Paul Vixie vixie at isc.org
Wed Feb 24 22:55:11 UTC 2010


> Date: Wed, 24 Feb 2010 14:39:44 -0800
> From: Matthew Dempsky <matthew at dempsky.org>
> 
> On Wed, Feb 24, 2010 at 2:25 PM, Paul Vixie <vixie at isc.org> wrote:
> > "resource strapped" is not what i said.
> 
> You said embedded.

here's what i said:

> From: Paul Vixie <vixie at isc.org>
> Date: Wed, 24 Feb 2010 21:50:35 +0000
> 
> > The root zone file is available with PGP signatures, so if a TLD were
> > to support DNSCurve, recursive servers could extract the appropriate
> > NS records from the root zone file to setup as a trust anchor.
> > 
> > Also, some TLD zone files (in particular, .com and .net) are also
> > available for download with PGP signatures, and a trusted party with
> > access to them could republish just the zones with NS records
> > indicating DNSCurve support.
> 
> this kind of heavy weight metadata model may fit the needs of opendns
> and other large scale outsourced recursive dns providers, but it won't
> fit into the small scale widely-distributed in-house / embedded model
> that DNS (and DNSSEC) uses today.  is that intentional?  (i ask, since
> you are both an opendns employee and a dnscurve developer.)
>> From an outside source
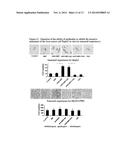 AGR2 BLOCKING ANTIBODY AND USE THEREOF diagram and image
"embedded" follows a forward slash (/) which in english textual discourse
means "or".  and, the thing i'm replying to refers to on-server PGP and
the fetching of TLD zone files.

> When I think embedded, I think of something like a Linksys WRT54G or
> similar.  One of those might be too resource strapped to occasionally
> download a trust anchor file or to use something DLV-like for distribute
> DNSCurve names, but then it's probably not going to be doing DNSCurve
> anyway, which was my point.

since a lot of WRT54G's out there are running software which includes a
recursive nameserver today, the choice of "don't run dnscurve" is a change
to the model, which was my point.  the dnscurve model favours large complex
servers such as those inside opendns.  the dnssec model fits a WRT54G fine,
even with RFC 5011 thrown in.

> > for the vast number of autonomous in-house non-outsourced caching
> > resolvers out there, adding validation per DNSSEC is no big deal.
> 
> When you say "adding validation" do you mean writing their own DNSSEC
> implementation, or do you mean upgrading their software to a DNSSEC-
> supporting implementation?

i expect a mix of both.

> Also, are you counting the effort to upgrade stub resolvers to all do
> DNSSEC validation?

i expect these to mostly use TSIG or SIG(0), and depend on the AD bit, with
TSIG keys made into a DHCP parameter.  or, since DHCP isn't very secure in
its own right, i expect clients to just set the AD bit and to depend on 
being on-subnet with their recursives (hoping therefore not to be spoofed,
though i expect that djb's udp source port randomization to also be used,
which should minimize the chances of getting bad data even if spoofing of
on-subnet IP sources is allowed from off-subnet, which isn't very common.)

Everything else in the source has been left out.